The ultimate infographic

The world map is maybe the ultimate infographic, but have you ever thought of it that way? The Mercator projection is by far the most commonly used version and has come to define how we view the world. It was presented by European geographer and cartographer Gerardus Mercator in 1569 and it offers a skewed view of the world. The further away a country is from the equator, the more its size is inflated on the map. Some examples (from Wikipedia):

  • Greenland appears the same size as Africa, when in reality Africa’s area is 14 times greater.
  • Africa also appears to be roughly the same size as South America, when in reality Africa is more than 1.5 times as large.
  • Madagascar and the United Kingdom look about the same size, but Madagascar is twice as big as the UK.

In almost any other context, such disparities would be seen as a big #fail – say a child learning about graphs in school or a designer being commissioned by a newspaper to visualize some statistics – they would be sent back to the drawing board to come up with a visualization that was more accurate and less misleading.

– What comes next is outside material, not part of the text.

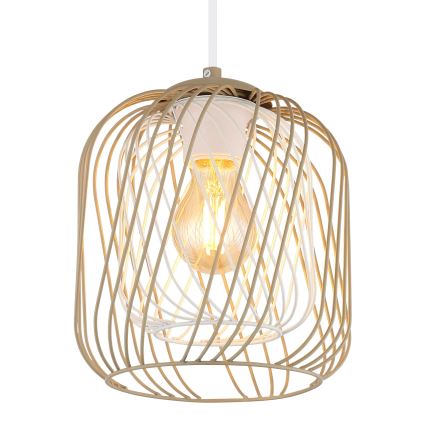 Globo - Takpendel med kabel 1xE27/40W/230V Ø 18 cm beige/vit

At the core of racism is the idea that people with darker skin are inferior to people with lighter skin. Inferiority is often linked to size or lack thereof. How would the world have been different, if the most common depiction of it showed the true size of Africa? How would this have affected society’s view of Africa and its global diaspora?

 

Gall-Peters projection, south-up (which half of the globe is defined as the north was also an arbitrary decision) – Daniel R. Strebe, CC BY-SA

 

What stories do you want to tell?

Think about what stories you are telling or supporting with your work. Think about cliches and stereotypes and think about how you can use design to challenge them rather than reproduce them. Think about flipping the script on the mainstream narrative.

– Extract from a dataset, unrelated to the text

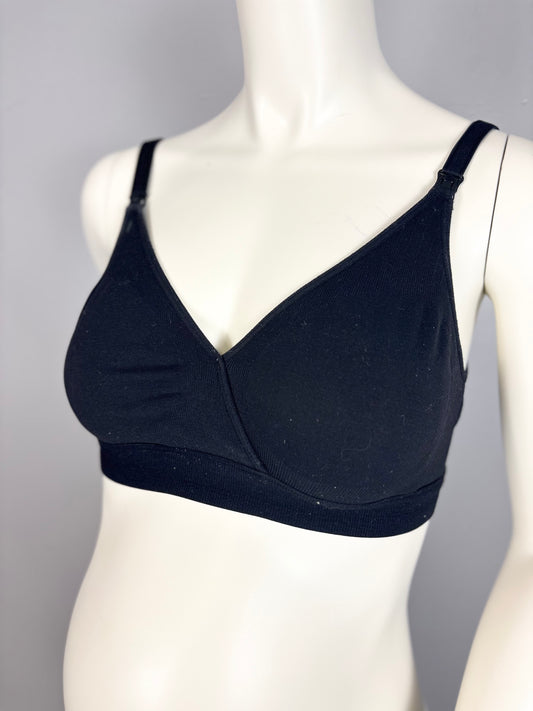 M - Black Ribbed Nursing Bralette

Writer, comedian, and commentator Baratunde Thurston leads the way when it comes to headlines in his talk: “How to deconstruct racism, one headline at a time”. Think about how a similar idea could be applied to your design discipline.

 


 

 

Racist by design

Hard-coded bias 

What happens when (un)conscious bias gets hard-coded into our tech? When photo processing became standardized and more widely available it was optimized to show white skin in, quite literally, a good light – to the detriment of other skin tones. The measure of whether a photo was exposed correctly was a picture of a white woman – a so-called “Shirley Card”. Kodak’s first multiracial Shirley Card was launched in 1995 but the racial bias built into photography was also transferred to digital imaging technology and our beloved filters. It was also transferred to AI facial recognition. In 2015, Google’s new photo-categorization software labeled Black people as gorillas and they were quick to apologize and promised a fix. It turns out that it was a quick rather than a holistic fix. Over two and a half years later WIRED investigated and concluded that “Gorillas”, “Monkey” and “Chimpanzee” were simply removed as possible search results – so that even if the software was fed a picture of a Gorilla it wouldn’t class it as such.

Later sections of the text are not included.